The udelay(10) splitup and check look good.
Comment 29 Hannes Reinecke 2006-02-28 12:21:13 UTC
I'll rediff them with libata-dev and post them to linux-ide.
But that's something I wanted to do anyway, as the ahci reset stuff is too important to _not_ have it.
Comment 30 Hannes Reinecke 2006-02-28 12:25:25 UTC
Adjusting the product.
Comment 31 Randy Dunlap 2006-02-28 16:23:27 UTC
Don't the ahci pci_driver .suspend and .resume method pointers need to be
added also?  At least they are not yet in mainline.
Comment 32 Jens Axboe 2006-03-01 07:31:00 UTC
Yes they do, I think that's already in our tree. Hannes, any reason it's not part of this rollup?
Comment 33 Hannes Reinecke 2006-03-01 07:51:52 UTC
Yes, it is. It's been your previous patch (ahci-suspend) which included those hooks already. The mainline patch will have them.
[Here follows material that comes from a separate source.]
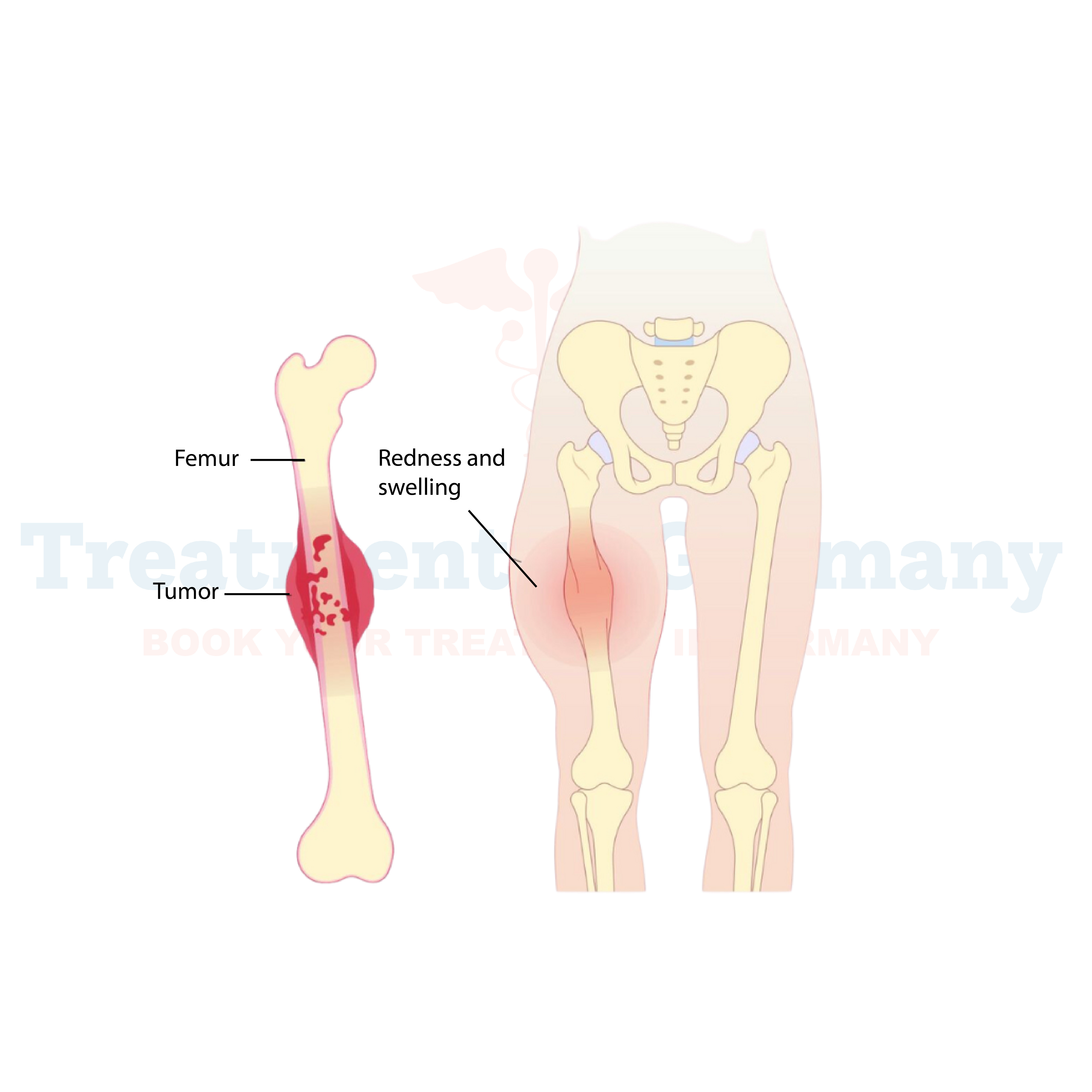 Sarcoma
Comment 34 Hannes Reinecke 2006-03-01 12:32:13 UTC
So I think we can close this as it works as designed now.
Comment 35 Hannes Reinecke 2006-03-17 07:53:07 UTC
Created attachment 73634 [details]
ahci-update.patch

AHCI update backported from mainline.
Comment 36 Hannes Reinecke 2006-03-17 07:56:27 UTC
There is actually a small glitch in the patch from comment #25; the spec mandates that the DMA should only be turned on after port probing. Hence we might get those spurious 'ataX; dma not running' during booting.
The above patch fixes this. I've also backported the mainline version as it's far clearer by design and does have more reliable error messages.
It helps to track down errors (like a missing BIOS reset :-) far better than the original one.